Write out exactly the lines below starting at the one containing "NGC 1942-p Mercury" and ending at the one containing "Graded 2025 Topps". Omit every picture.

- DATA EXTRACT:
━━━
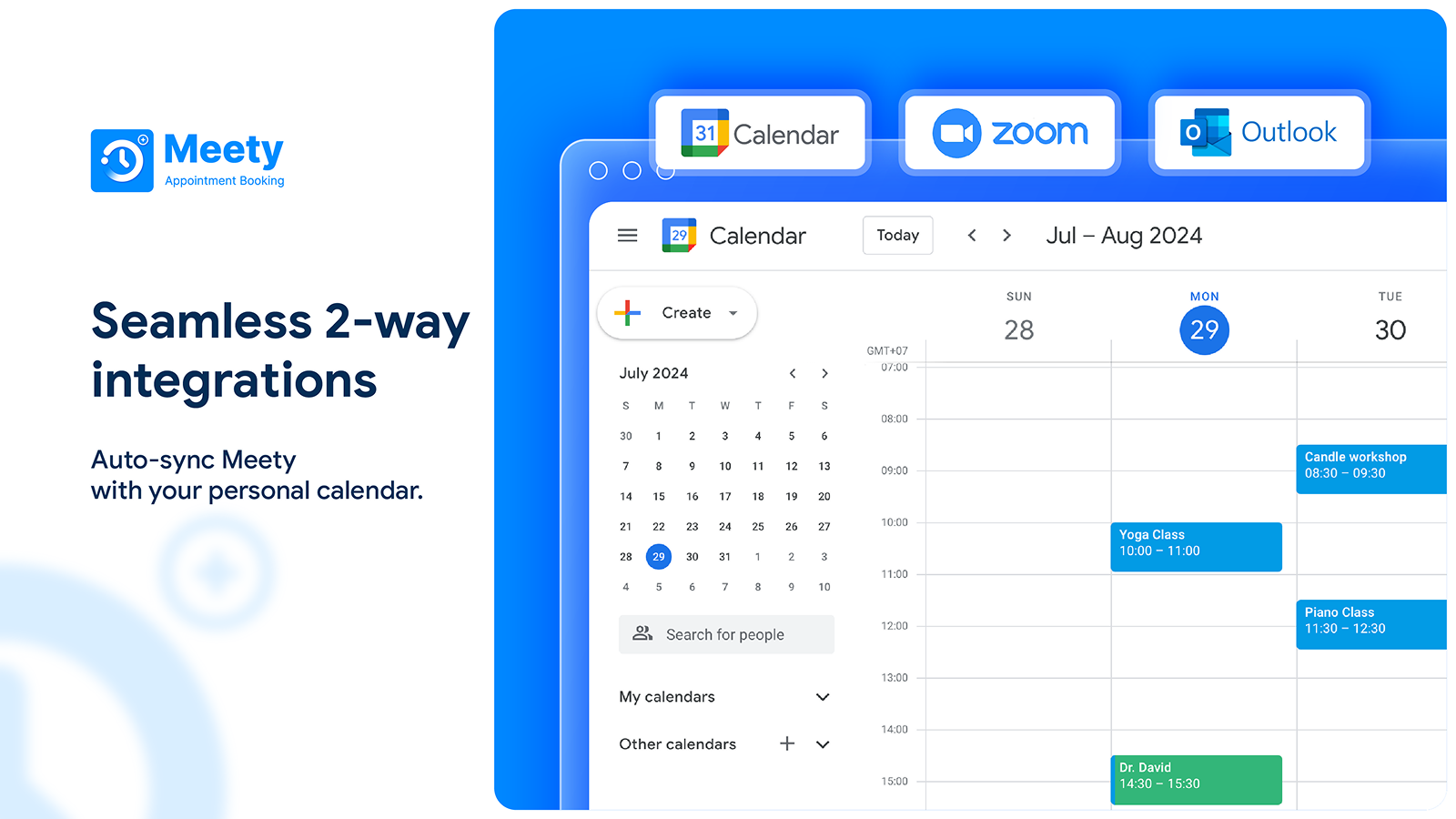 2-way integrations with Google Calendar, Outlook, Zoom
━━━
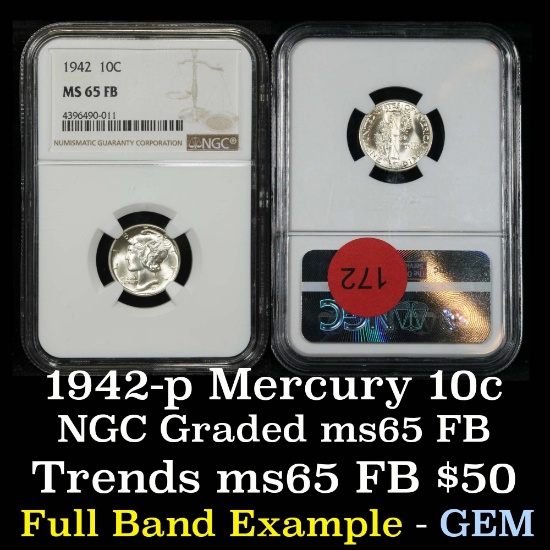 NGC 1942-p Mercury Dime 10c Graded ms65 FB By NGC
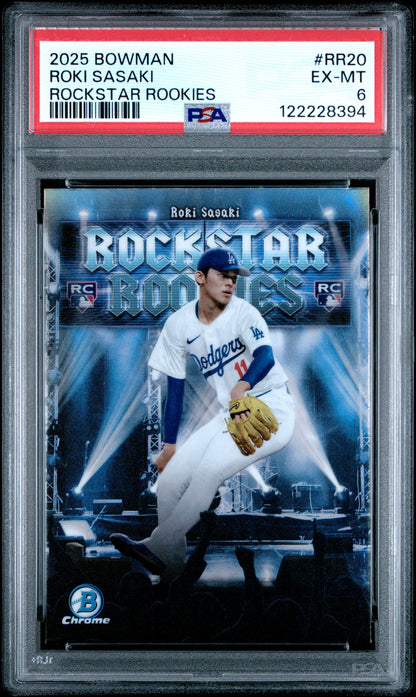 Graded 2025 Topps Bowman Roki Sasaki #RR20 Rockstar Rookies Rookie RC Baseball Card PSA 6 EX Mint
━━━
- PROBLEM SOLUTION:
 NGC 1942-p Mercury Dime 10c Graded ms65 FB By NGC
 Graded 2025 Topps Bowman Roki Sasaki #RR20 Rockstar Rookies Rookie RC Baseball Card PSA 6 EX Mint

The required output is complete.